How to Fine-Tune the Donut Model – With Example Use Case

The Donut model in Python is a model you can use to extract text from a given image. This can be useful in various scenarios, like scanning receipts, for example.

You can easily download the Donut model from GitHub. But as is common with AI models, you should fine-tune the model for your specific needs.

I wrote this tutorial because I did not find any resources showing me exactly how to fine-tune the Donut model with my dataset. So I had to learn this from other tutorials (which I'll share throughout this guide) and figure out issues myself.

These issues were especially prevalent as I did not have a GPU on my local computer So to simplify the process for others, I made this tutorial.

Extract information from receipts. The picture was taken from this Google Colab file using a photo taken by me

Here's what we'll cover:

How to find a dataset to fine-tune with
Fine-tuning with Google Colab
How to change parameters
Fine-tuning locally

How to Find a Dataset to Fine-tune with

Finding a dataset online

To fine-tune the model, we need a dataset we will fine-tune with. If you want a simple solution, you can find a prepared dataset in this folder on Google Drive.

You should then copy this dataset over to your own Google Drive. Note that this was taken from this tutorial under the “Downloading and parsing SROIE” headline. The tutorial is a great read which inspired this article, as I wanted to create a more in-depth tutorial for fine-tuning the Donut model in Google Colab. So if you want a more in-depth look at generating the dataset, I recommend reading the tutorial above.

The dataset linked above may not necessarily be for your specific purpose. If you want to fine-tune a model to your specific needs, you either need to find a fitting dataset online, or create a dataset yourself.

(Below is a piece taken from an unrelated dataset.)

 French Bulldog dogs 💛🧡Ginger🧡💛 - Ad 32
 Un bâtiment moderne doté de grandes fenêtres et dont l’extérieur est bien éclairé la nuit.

Annotating your own dataset

This is another option if you can't or don't want to find a dataset online (so if you did that, you can ignore this subsection).

Annotating your own dataset is a surefire way to create a dataset that perfectly fits your needs.

There are many annotating tools online, but a free one I recommend is the Sparrow UI data annotation tool. Here you can upload your image, put bounding boxes on the image, and label each bounding box. You can then extract the labeled data in JSON format, and use it following the rest of the tutorial.

Make sure your dataset is in the same format as the dataset I provided earlier. For more details on annotating data with the Sparrow UI, you can check out my article on using the Donut model for self-annotated data. Note that this article assumes you are already able to finetune the Donut model (which you will learn in this article).

Annotating a receipt with the Sparrow UI data annotation tool

Fine-Tuning with Google Colab

To make the fine-tuning process as simple as possible, I provided a Google Colab file you can use here. (Some code is taken from this GitHub page).

Note that package versions need to be exactly as provided in the Drive, as wrong package versions were the root of a lot of the problems I faced fine-tuning the Donut model myself.

Before fine-tuning using the Google Colab file, there are 2 things you need to do:

Upload data to your Google Drive.

Upload the dataset I provided earlier to your Google Drive under a parent folder called preparedFinetuneData (see the file structure in the image below).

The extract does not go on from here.